Rouge National Urban Park ActGovernment Orders

3:20 p.m.

Conservative

Arnold Viersen Conservative Peace River—Westlock, AB

Mr. Speaker, it is my privilege to rise again to speak to Bill C-18, an act to amend the Rouge National Urban Park Act, the Parks Canada Agency Act and the Canada National Parks Act.

Today, I am going to spend a bit of time talking about my riding in northern Alberta. I like to call my riding the promised land, as I have said a number of times. I am going to talk about a little piece of promised land in the northeastern corner of my riding, land that is now becoming part of the new reserve for the Little Red River Cree Nation. Gus Loonskin is the chief. I have not had the privilege of visiting that part of my riding yet. I have made arrangements to go there several times, but due to some unforeseen circumstances on two occasions, the meetings have been cancelled.

I have driven to the northernmost edge of my riding. it is a long four-by-four road into the communities. The chief thought better of my driving the road myself, although I am always up for an adventure. He said he would meet me in High Level and then things transpired and we never actually met, but one day I will make it up to the Little Red River Cree Nation and visit the communities of John D'Or Prairie, Fox Lake, and Garden River.

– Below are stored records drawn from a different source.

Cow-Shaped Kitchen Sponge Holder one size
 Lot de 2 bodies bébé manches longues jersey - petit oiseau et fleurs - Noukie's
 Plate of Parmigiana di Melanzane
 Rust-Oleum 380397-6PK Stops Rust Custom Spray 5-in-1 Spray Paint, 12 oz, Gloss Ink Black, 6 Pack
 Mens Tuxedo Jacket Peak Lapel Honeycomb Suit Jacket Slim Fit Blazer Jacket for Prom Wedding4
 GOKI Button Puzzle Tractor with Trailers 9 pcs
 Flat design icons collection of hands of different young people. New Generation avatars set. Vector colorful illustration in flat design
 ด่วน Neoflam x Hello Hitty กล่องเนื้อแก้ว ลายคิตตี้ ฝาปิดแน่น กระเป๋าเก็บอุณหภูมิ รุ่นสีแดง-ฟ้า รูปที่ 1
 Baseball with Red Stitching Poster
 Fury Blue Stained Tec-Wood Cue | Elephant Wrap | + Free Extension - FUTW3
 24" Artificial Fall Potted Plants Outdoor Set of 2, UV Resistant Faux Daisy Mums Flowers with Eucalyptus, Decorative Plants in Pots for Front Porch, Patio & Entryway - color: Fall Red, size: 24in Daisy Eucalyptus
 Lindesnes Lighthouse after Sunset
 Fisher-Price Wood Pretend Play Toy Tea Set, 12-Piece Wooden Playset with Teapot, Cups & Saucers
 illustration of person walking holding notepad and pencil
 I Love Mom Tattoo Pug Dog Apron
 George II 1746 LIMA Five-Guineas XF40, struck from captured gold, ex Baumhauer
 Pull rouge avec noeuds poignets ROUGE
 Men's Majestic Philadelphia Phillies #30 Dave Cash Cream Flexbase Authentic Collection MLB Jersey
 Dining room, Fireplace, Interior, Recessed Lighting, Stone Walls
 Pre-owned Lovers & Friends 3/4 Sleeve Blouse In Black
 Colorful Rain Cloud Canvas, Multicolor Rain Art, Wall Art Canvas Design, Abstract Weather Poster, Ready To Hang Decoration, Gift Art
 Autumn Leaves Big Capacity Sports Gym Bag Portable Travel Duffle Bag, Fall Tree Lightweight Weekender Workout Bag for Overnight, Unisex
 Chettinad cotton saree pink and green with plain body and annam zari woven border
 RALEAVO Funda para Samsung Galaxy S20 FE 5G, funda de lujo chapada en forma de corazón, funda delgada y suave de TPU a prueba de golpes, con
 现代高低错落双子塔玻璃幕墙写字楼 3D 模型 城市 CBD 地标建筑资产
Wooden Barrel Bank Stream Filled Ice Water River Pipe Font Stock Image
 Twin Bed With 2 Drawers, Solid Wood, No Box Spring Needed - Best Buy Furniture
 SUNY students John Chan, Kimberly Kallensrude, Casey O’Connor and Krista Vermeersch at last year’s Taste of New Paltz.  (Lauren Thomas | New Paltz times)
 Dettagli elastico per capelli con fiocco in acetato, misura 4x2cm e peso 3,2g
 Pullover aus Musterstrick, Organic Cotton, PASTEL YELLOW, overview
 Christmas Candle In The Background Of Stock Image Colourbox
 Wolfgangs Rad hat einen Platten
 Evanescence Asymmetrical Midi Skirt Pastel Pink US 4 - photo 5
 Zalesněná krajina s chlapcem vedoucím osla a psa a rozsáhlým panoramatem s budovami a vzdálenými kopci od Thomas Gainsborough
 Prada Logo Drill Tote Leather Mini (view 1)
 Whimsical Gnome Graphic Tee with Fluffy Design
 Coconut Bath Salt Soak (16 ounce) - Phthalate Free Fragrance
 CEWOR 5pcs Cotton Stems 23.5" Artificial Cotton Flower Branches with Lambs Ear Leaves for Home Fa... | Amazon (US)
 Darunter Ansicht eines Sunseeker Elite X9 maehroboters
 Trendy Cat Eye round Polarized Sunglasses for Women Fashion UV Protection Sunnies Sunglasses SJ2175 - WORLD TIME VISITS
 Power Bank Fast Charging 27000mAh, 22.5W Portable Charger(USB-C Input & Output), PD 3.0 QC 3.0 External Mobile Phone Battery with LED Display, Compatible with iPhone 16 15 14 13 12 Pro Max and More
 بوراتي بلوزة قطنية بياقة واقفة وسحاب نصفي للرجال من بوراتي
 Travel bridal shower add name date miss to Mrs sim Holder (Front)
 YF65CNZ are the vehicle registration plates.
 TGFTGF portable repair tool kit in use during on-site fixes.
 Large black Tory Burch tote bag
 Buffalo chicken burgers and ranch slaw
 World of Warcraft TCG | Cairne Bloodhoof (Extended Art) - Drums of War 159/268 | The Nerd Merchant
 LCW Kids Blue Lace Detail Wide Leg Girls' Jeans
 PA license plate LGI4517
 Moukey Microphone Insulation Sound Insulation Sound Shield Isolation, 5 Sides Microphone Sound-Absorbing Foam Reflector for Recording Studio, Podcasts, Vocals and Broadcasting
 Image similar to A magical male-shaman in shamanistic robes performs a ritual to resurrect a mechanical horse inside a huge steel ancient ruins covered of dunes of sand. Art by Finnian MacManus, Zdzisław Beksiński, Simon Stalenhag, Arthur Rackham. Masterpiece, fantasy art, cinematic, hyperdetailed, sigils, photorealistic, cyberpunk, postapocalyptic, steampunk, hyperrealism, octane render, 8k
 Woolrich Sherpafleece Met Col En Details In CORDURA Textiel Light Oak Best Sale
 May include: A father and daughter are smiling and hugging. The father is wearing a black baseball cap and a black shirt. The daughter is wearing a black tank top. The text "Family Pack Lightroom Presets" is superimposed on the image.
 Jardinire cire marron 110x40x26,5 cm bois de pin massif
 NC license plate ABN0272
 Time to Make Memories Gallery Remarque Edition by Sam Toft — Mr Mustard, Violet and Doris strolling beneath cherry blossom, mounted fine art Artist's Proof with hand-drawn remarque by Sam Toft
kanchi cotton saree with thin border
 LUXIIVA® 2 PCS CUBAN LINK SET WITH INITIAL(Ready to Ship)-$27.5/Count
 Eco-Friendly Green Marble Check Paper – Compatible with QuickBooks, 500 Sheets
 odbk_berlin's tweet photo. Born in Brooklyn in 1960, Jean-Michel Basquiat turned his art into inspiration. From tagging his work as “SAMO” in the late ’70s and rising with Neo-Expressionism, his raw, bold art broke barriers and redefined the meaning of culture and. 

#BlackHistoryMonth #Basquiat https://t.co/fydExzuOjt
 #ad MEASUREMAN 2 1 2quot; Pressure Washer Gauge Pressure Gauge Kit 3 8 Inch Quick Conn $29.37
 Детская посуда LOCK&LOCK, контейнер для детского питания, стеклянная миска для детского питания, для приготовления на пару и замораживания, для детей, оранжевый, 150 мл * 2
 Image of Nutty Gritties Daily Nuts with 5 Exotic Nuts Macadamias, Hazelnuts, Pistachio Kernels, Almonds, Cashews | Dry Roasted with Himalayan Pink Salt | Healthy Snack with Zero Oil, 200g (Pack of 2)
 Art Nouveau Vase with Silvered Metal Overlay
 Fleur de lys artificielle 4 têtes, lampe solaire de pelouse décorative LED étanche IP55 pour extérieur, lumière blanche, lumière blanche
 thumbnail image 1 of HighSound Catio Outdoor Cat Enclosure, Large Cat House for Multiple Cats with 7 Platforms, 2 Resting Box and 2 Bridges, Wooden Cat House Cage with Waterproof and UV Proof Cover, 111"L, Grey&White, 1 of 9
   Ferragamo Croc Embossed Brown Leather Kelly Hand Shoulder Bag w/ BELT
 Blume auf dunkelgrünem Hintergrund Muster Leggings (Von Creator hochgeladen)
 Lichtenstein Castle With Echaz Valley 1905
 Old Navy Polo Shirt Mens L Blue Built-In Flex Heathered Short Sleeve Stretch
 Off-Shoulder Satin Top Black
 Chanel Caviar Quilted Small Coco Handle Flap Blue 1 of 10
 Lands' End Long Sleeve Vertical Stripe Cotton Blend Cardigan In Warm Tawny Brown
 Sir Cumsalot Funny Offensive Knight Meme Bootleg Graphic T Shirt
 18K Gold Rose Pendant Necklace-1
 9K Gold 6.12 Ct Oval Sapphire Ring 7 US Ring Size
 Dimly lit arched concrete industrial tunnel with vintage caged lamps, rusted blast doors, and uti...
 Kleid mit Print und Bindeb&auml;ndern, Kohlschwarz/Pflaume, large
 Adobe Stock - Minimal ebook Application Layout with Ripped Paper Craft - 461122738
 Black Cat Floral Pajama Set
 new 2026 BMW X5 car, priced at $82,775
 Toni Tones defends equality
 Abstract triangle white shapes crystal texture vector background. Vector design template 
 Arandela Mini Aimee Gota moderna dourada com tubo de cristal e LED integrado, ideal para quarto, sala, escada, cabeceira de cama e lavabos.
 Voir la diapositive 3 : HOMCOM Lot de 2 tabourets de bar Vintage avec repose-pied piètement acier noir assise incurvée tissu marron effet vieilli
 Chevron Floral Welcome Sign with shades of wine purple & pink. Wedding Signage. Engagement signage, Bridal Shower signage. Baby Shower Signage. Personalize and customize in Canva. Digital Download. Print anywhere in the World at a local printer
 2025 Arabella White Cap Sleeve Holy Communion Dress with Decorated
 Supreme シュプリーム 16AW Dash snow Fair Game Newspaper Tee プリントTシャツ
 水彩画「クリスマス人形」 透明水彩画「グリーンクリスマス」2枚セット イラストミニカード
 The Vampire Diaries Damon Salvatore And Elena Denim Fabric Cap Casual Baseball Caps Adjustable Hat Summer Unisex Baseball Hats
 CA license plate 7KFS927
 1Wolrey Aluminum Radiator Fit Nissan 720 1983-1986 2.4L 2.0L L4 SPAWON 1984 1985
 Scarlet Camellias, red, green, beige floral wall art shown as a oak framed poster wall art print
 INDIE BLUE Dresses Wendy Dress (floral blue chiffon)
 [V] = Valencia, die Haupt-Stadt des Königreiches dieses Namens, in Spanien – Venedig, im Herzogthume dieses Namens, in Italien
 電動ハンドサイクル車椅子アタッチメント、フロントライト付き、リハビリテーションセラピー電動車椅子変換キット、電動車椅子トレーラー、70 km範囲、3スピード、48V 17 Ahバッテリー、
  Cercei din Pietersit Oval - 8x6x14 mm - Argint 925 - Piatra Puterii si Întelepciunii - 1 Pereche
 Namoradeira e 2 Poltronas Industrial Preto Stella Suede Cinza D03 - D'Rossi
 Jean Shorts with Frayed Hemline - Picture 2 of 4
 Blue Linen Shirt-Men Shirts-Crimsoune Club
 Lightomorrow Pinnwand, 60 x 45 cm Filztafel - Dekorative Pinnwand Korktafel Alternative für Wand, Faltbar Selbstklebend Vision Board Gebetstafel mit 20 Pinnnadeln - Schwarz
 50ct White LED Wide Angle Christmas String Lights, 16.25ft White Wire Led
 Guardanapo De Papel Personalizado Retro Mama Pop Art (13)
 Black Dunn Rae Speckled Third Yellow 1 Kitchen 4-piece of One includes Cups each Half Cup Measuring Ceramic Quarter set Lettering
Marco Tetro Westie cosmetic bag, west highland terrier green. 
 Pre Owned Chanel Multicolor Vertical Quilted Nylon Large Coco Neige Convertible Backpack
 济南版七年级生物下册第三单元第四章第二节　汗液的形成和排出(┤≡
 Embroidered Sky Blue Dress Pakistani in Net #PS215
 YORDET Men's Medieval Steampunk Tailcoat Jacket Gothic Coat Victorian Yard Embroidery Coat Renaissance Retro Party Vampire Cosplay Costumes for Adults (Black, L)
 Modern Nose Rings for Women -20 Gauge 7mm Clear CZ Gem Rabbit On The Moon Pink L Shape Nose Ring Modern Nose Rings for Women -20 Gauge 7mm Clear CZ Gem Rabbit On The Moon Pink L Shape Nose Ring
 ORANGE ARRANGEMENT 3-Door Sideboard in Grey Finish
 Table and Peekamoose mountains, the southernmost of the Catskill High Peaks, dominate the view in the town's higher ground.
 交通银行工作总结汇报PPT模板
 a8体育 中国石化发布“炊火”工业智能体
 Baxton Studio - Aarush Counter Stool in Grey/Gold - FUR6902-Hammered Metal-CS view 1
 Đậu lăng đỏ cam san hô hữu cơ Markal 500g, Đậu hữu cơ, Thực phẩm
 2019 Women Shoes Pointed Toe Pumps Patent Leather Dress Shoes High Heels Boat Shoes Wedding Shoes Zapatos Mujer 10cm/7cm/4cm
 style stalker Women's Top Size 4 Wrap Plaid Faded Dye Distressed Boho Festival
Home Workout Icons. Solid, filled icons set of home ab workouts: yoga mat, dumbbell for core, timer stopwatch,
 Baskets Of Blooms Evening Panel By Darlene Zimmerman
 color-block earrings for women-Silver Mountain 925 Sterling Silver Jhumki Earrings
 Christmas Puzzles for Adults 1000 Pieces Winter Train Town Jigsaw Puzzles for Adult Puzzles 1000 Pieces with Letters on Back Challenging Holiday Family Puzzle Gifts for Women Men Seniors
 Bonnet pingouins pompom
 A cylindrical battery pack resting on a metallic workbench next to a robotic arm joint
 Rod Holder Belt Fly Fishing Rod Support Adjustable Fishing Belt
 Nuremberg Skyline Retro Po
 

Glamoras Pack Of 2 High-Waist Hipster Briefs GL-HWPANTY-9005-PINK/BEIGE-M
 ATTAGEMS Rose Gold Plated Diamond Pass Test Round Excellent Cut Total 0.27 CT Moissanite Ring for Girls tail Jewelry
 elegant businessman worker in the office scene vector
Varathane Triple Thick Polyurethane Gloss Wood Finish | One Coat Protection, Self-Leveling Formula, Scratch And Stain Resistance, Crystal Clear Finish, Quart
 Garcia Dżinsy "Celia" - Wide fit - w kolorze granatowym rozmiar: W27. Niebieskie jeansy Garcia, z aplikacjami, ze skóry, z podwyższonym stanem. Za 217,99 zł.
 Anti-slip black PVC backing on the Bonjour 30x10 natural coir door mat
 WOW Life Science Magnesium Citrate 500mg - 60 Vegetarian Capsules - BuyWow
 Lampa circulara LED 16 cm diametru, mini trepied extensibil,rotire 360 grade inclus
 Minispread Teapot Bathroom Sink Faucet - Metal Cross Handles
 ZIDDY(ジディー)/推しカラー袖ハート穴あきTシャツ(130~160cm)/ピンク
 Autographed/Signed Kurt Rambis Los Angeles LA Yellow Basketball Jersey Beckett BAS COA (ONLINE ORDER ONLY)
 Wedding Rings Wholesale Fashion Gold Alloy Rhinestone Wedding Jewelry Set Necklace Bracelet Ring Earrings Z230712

Garden River is within the boundaries of Wood Buffalo National Park, and that is precisely what this bill is about today. It proposes turning 37 square kilometres of land in Wood Buffalo National Park into a reserve for the Garden Creek community, which is part of the Little Red River band.

The Little Red River Cree Nation is made up of about 5,000 people in northern Alberta. It is about 200 kilometres south, maybe less, of the border with the Northwest Territories. At the end of June and beginning of July, there is nearly 24 hours of sunlight in northern Alberta. In the spring, people typically get a lot of work done because there are lots of hours of sunlight. After getting home from work, typically there is eight hours of sunlight left before people go to bed, so things get done at that time of the year. However, the inverse is true during December and January, when there are only a few hours of daylight. Typically it is light only from about nine o'clock in the morning until three or four o'clock in the afternoon. When there is snow on the ground, not much happens anyway, other than logging.

The Little Red River Cree Nation actually owns its own logging company, Little Red River Forestry Ltd. It owns a number of companies that operate in that part of the world and they are relatively successful. Having a population of 5,000 gives forestry companies in that area human resources to tap into. There is a significant amount of forestry that takes place in northern Alberta. There is also a significant number of other things that happen there.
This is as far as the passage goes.